8. April 2017, 21:58
Morgenjournal, 21.5.2012
Wolfgang Geier berichtet aus Chicago
NATO bleibt bei Terminplan
Der vorzeitige Abzug der französischen Truppen aus Afghanistan werde keine Auswirkungen auf die Pläne der NATO haben - das signalisieren die Staats- und Regierungschefs der 27 anderen Mitgliedsstaaten. NATO-Generalsekretär Anders Fogh Rasmussen: "Da gibt es keinen Ansturm Richtung Ausgang. Wir stehen weiterhin zum Einsatz in Afghanistan, den wir erfolgreich abschließen werden. Ziel, Strategie und Zeitplan bleiben unverändert." Derzeit stellt Frankreich etwa 3.500 der insgesamt 130.000 Soldaten umfassenden internationalen Einsatztruppe. Frankreichs Präsident Francois Hollande bekräftigt in Chicago sein Ziel, die französischen Soldaten bis Jahresende abzuziehen, während sich Deutschlands Kanzlerin Angela Merkel demonstrativ hinter den NATO-Plan stellt, der einen Abzug der Kampftruppen erst Ende 2014 vorsieht. Danach will sich die NATO weitestgehend auf die Ausbildung und Ausrüstung der afghanischen Sicherheitskräfte beschränken.
Was kommt nach 2014?
Am Gipfel in Chicago werde deshalb nicht nur über den Abzug der Truppen diskutiert, so Gastgeber Barack Obama: "Ebenso geht es um die Perspektive nach 2014, wenn wir unseren Kampfeinsatz beendet haben – und der Krieg in Afghanistan zu Ende ist, aber unsere Partnerschaft weiter andauert." Bisher geben allein die USA fünf bis sechs Milliarden Dollar pro Monat für den Krieg in Afghanistan aus, nach 2014 sollen vergleichsweise bescheidene vier Milliarden pro Jahr ausreichen, um die afghanische Armee und die Polizei des Landes auszurüsten.

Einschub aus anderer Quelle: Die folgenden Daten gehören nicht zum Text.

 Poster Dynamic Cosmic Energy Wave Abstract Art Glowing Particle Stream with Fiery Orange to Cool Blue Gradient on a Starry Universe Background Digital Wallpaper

Auch der afghanische Präsident Hamid Karzai weiß, dass seine Bündnispartner nicht mehr willens sind , den sich seit mehr als zehn Jahren hinziehenden Krieg weiter zu finanzieren. Auch er befürworte den Abzug der westlichen Truppen, sagt Karzai: "Damit Afghanistan aufhört, eine Last auf den Schultern Amerikas und anderer Bündnispartner zu sein. Afghanistan erwartet das Ende dieses Krieges."
Seit längerem gibt es inoffizielle Verhandlungen zwischen der Regierung in Kabul und den radikal islamischen Taliban, bisher ist es dabei allerdings zu keinen Annäherungen gekommen. Weite Teile der Bevölkerung in Afghanistan stehen beiden Seiten skeptisch gegenüber, dem brutal-rückständigen Islamverständnis der Taliban genauso wie der überbordenden Korruption der Regierung in Kabul.
Neben Afghanistan beschäftigt sich die NATO auch mit der Errichtung des geplanten Raketenschildes – dessen erste Ausbaustufe als abgeschlossen gilt.
Eklat um Darabos
Für lokal begrenzten Wirbel während des Gipfels sorgte eine Aussage des österreichischen Verteidigungsministers Norbert Darabos (SPÖ). Er bezeichnete den ultra-konservativen israelischen Außenminister Avigdor Liebermann im Interview mit der Tageszeitung "Die Presse" als "unerträglich". Das österreichische Außenministerium distanzierte sich prompt – offizielle Reaktionen aus Israel oder anderen Staaten liegen dazu bisher nicht vor.